提供了一种基于问诊会话构建用户画像的方法、装置、设备和介质,涉及机器学习技术领域,方法包括:获取用户输入的主诉信息;对主诉信息进行特征提取,得到第一特征向量矩阵;将第一特征向量矩阵输入至预测网络模型中,得到与主诉信息匹配的问诊问题,预测网络模型是根据第一数据集训练得到的,第一数据集包括多个医疗问诊样本,其中,每个医疗问诊样本包括问诊问题与对应的病症;向用户呈现问诊问题,以得到用户输入的问诊信息;根据问诊信息构建用户画像。通过对用户输入的主诉信息进行识别,并通过预测网络模型得到与主诉信息相对应的问诊问题,以此快速的对用户进行自动问诊,提高了获取问诊信息的效率且降低了人工成本。

Description

基于问诊会话构建用户画像的方法、装置、设备和介质
本申请要求于2021年08月30日提交中国专利局、申请号为202111005960.3,发明名称为“基于问诊会话构建用户画像的方法、装置、设备和介质”的中国专利申请的优先权,其全部内容通过引用结合在本申请中。
技术领域
本申请涉及机器学习技术领域,尤其是涉及一种基于问诊会话构建用户画像的方法、装置、设备和介质。
背景技术
相关技术中的根据医疗数据生成用户画像的方法中,大多通过人工在线问诊的方式来获取医患间的问诊信息,通过对问诊信息进行分词、筛查和标识后,根据标识结果来构建患者的用户画像。但发明人意识到此种以人工在线问诊的方式获取问诊信息,并构建用户画像的方式效率较低,且人工成本较高。
技术问题
本申请旨在至少解决现有技术中存在的技术问题之一。

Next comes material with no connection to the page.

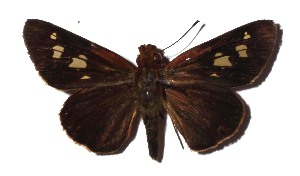  ( - 17-SRNP-71886)  @13 [ ] CreativeCommons  Attribution Non-Commercial Share-Alike (2019) Daniel H. Janzen Guanacaste Dry Forest Conservation Fund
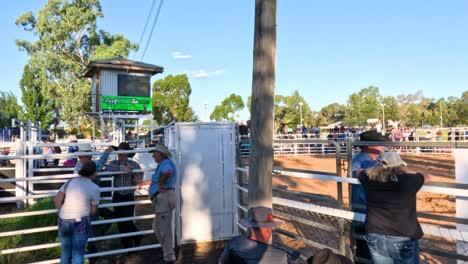 men preparing for a bull riding event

为此,本申请提出一种基于问诊会话构建用户画像的方法、装置、设备和介质,能够提高构建用户画像的效率且降低人工成本。
技术解决方案
根据本申请的第一方面实施例的基于问诊会话构建用户画像的方法,包括:获取用户输入的主诉信息,其中,所述主诉信息为所述用户的病症描述信息;对所述主诉信息进行特征提取,得到第一特征向量矩阵;将所述第一特征向量矩阵输入至预测网络模型中,得到与所述主诉信息匹配的问诊问题,其中,所述预测网络模型是根据第一数据集训练得到的,所述第一数据集包括多个医疗问诊样本,每个所述医疗问诊样本包括问诊问题与对应的病症;向所述用户呈现所述问诊问题,以得到所述用户输入的问诊信息;根据所述问诊信息构建用户画像。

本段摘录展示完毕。